Let’s read the result.


The Two-Proportion Z-Test

The question is whether a 25.00% → 28.32% difference is more than noise. The z-test compares the two proportions against the variability you’d expect from sampling alone. The CI then reports the lift as a range rather than a single point. Both come straight from Module 4:

import math
from scipy.stats import norm

def two_prop(c1, n1, c2, n2):
    p1, p2 = c1/n1, c2/n2
    p = (c1+c2)/(n1+n2)
    se = math.sqrt(p*(1-p)*(1/n1+1/n2))
    z = (p2-p1)/se
    return p2-p1, z, 2*(1-norm.cdf(abs(z)))

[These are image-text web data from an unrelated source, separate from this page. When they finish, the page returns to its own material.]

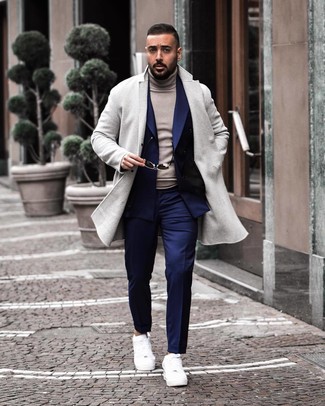 Как носить темно-серое длинное пальто с темно-синим двубортным пиджаком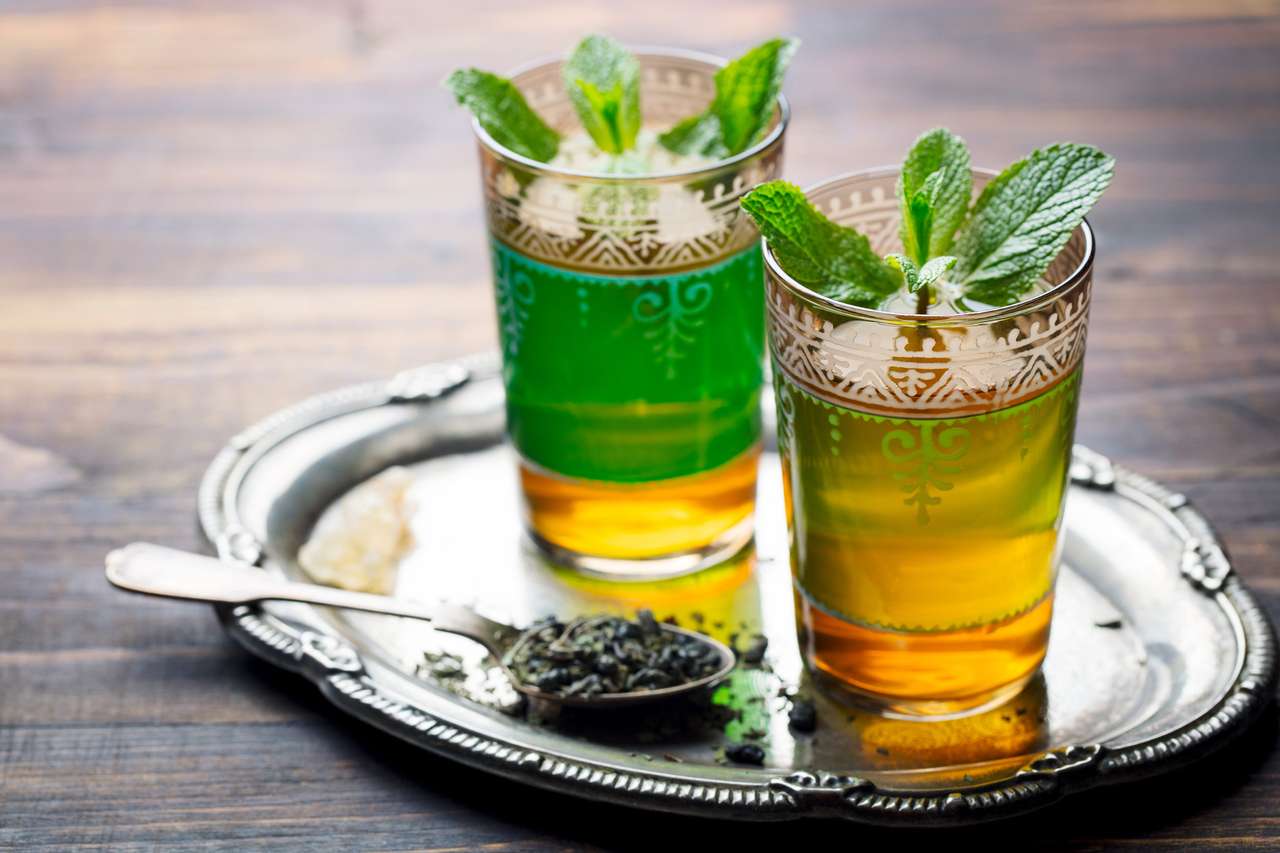 Herbata miętowa, tradycyjny marokański napój w szkle puzzle online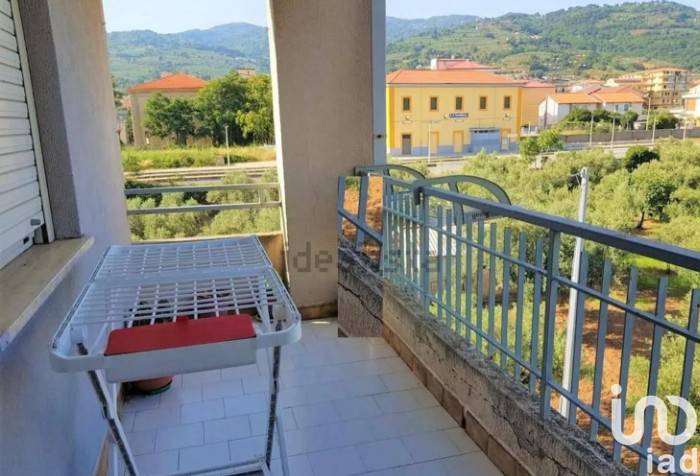appartamento in vendita a Lamezia Terme in zona Sambiase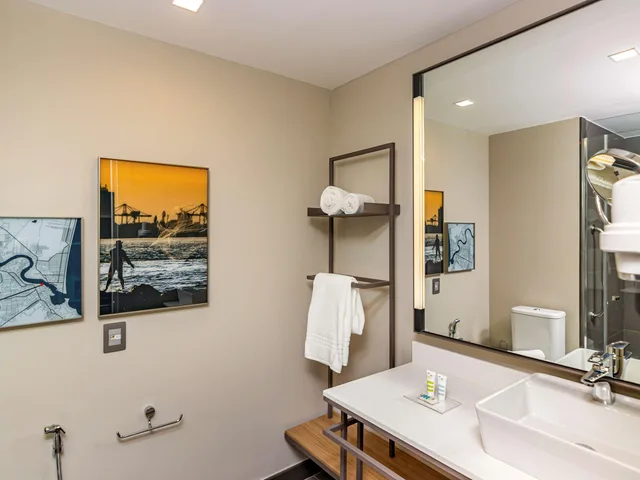 شقة بسرير كوين، Mercure Itajai Navegantes 7/7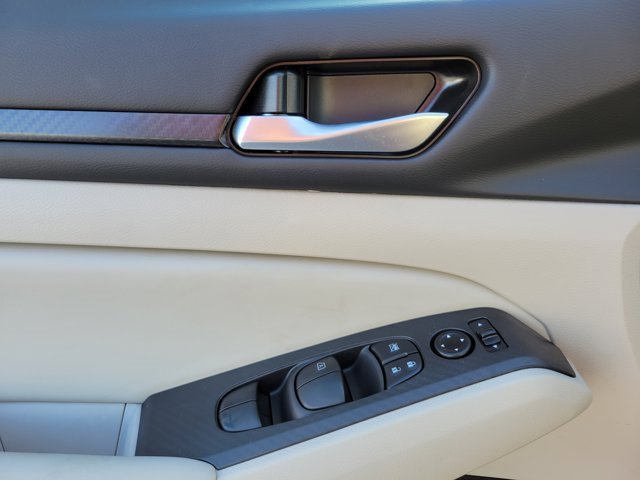 New 2025 Nissan Altima 2.5 SV image 13
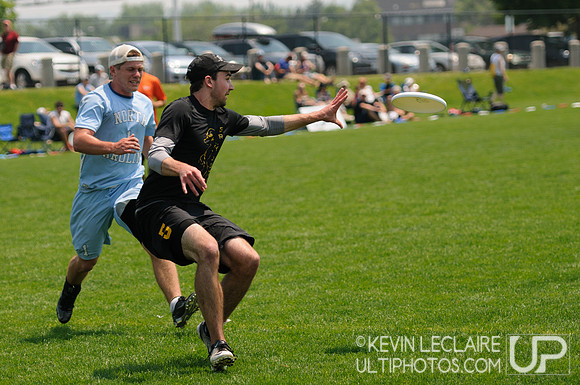 2012 USAU D-I College Championships Saturday Action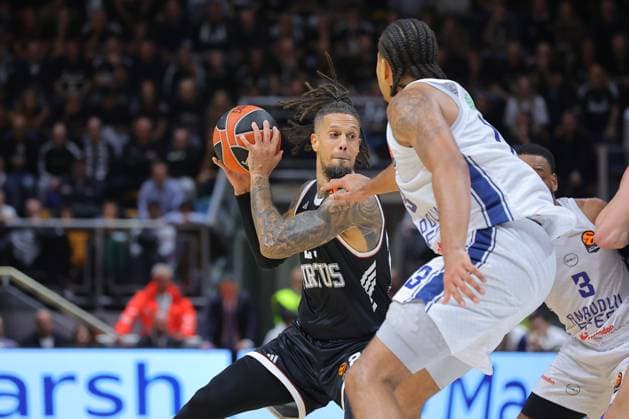 23 Daniel HACKETT Virtus Bologna BASKETBALL-EUROLEAGUE - match Virtus Bologna - Anadolu Efes Istanbul 11-11-2025 during Virtus Bologna vs Anadolu Efes, Basketball Euroleague match in Bologna, Italy, November 11 2025  Copyright: xValentinoxOrsini IPAxSportx xipa-agency.netx xx IPA_67853637 IPA_Agency_IPA67853637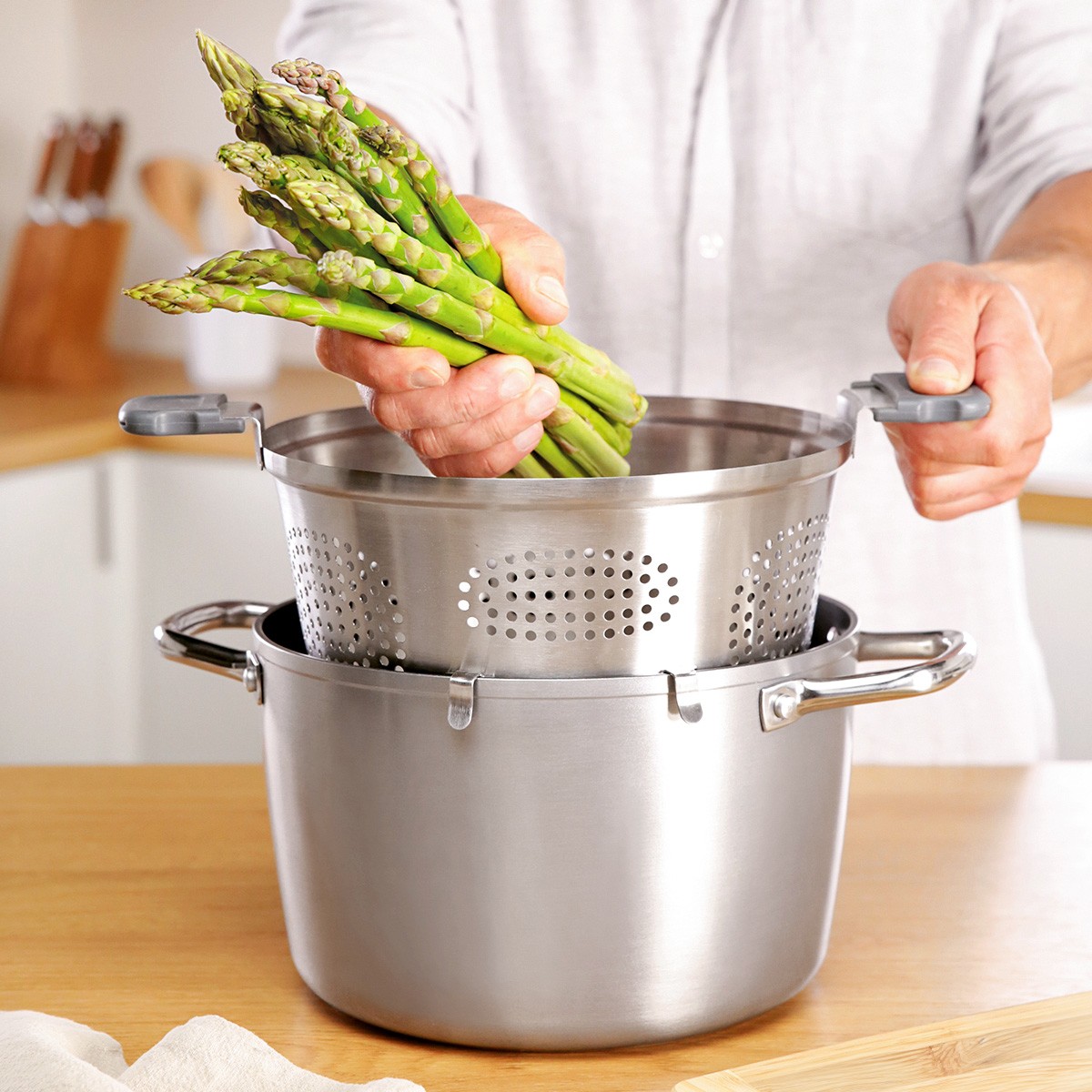 Cedicí nádoba GrandCHEF ø 23 cm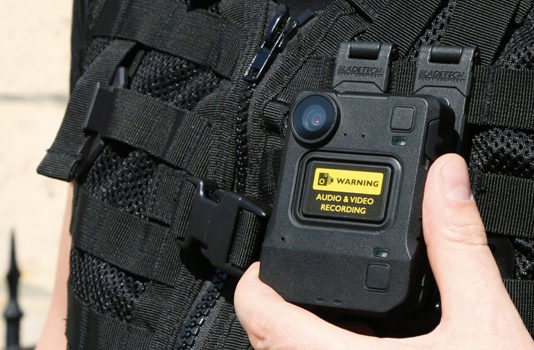 Das Innenministerium hat 30.000 Kameras bestellt, um französische Polizisten auszurüsten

def diff_ci(c1, n1, c2, n2):
    p1, p2 = c1/n1, c2/n2
    se = math.sqrt(p1*(1-p1)/n1 + p2*(1-p2)/n2)
    z = norm.ppf(0.975); d = p2-p1
    return d - z*se, d + z*se

diff, z, p = two_prop(832, 3328, 980, 3460)
lo, hi = diff_ci(832, 3328, 980, 3460)
print(f"difference = {diff:.4f}   z = {z:.3f}   p = {p:.5f}")
print(f"95% CI for the lift: [{lo:.4f}, {hi:.4f}]")

Running it:

difference = 0.0332   z = 3.095   p = 0.00197
95% CI for the lift: [0.0122, 0.0543]

The observed lift is +3.32 percentage points (25.00% → 28.32%). The z-statistic is 3.095 — the difference is about three standard errors away from zero — and the p-value is 0.00197, well below the pre-committed 0.05 threshold. So the result is statistically significant: a difference this large is very unlikely to be sampling noise if the checklist truly did nothing. The 95% CI for the lift is [+1.22, +5.43] points, and it excludes 0. That’s not a coincidence: a p-value below 0.05 and a 95% CI that excludes zero are two views of the same fact — the p-value/CI duality from Module 4. The test says there is an effect; the interval says how big it plausibly is.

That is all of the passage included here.